A RESEARCH project to investigate the prevalence of stalking and harassment has been launched at University College Cork.
The Stalking and Harassment in Ireland Study is being undertaken through the Centre for Criminal Justice and Human Rights in conjunction with Stalking Ireland, which was founded by stalking victims Una Ring from Youghal and Eve McDowell from Sligo.
Ms Ring said she and Ms McDowell did a practice run of the survey that has been developed for the research: “We wanted to make sure it wouldn’t trigger someone.”
The survey is anonymous and participants must be over 18 (but their experiences of stalking and harassment can have occurred before they turned 18).
Ms Ring said the project aims to collate data such as demographics and backgrounds of victims of such crimes.
On February 4, Ms Ring’s stalker, 52-year-old James Steele from Rosscarbery, was jailed for five years after pleading guilty to harassment, criminal damage, and attempted trespass with the intent to commit rape at Ms Ring’s home in Youghal between February 14, 2020, and July 27, 2020.

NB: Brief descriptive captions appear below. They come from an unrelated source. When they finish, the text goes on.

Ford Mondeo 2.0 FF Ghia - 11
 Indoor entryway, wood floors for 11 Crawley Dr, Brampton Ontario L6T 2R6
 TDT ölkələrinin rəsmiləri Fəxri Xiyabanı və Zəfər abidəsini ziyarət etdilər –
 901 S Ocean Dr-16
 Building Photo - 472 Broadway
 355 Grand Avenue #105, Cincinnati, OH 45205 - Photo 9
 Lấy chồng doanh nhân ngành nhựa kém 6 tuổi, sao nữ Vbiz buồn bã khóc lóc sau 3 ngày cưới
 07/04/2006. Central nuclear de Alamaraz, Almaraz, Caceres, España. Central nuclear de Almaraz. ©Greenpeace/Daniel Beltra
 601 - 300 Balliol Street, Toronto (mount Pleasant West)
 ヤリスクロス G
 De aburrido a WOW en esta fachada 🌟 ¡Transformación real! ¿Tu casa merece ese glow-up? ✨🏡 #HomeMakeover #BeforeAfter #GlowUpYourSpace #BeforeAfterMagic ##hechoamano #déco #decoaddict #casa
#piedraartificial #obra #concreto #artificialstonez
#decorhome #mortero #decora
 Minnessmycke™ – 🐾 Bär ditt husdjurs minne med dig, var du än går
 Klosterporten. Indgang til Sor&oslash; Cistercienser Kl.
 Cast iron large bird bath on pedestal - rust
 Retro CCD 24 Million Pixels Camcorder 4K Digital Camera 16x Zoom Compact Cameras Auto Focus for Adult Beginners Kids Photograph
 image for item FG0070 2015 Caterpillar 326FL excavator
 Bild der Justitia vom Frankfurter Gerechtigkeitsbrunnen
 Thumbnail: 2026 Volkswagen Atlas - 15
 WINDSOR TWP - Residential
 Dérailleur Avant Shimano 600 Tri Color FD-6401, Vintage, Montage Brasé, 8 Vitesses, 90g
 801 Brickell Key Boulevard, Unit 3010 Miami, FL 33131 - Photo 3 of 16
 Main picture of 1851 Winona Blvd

Following the sentencing, Ms Ring, Ms McDowell and the Cork Sexual Violence Centre came together to launch a campaign seeking specific legislation for stalking. At present, stalking is prosecuted under the umbrella offence of harassment, which is part of the Non-Fatal Offences Against the Person Act 1997.
In recent months, legislation was brought before the Oireachtas by Fianna Fáil senator Lisa Chambers, after being drawn up with help of the two women, which would see stalking “characterised by repeated, unwanted behaviour that occurs as a result of fixation or obsession and causes alarm, distress or harm to the victim and to provide for related matters”.
During Ms Ring’s ordeal, disturbing letters were found on the windscreen of her car on two occasions, with one containing a threat that her harasser would rape her and her daughter unless she agreed to have sex with him. Following a surveillance operation, Steele was arrested in the early hours of July 27, 2020.
In her victim impact statement delivered at his sentencing hearing in February, Ms Ring said: “This was not an angry ex-husband or jilted ex-boyfriend. We were not even friends.
“He was just a man that I worked with and it makes no sense to me and I will never understand why he victimised me.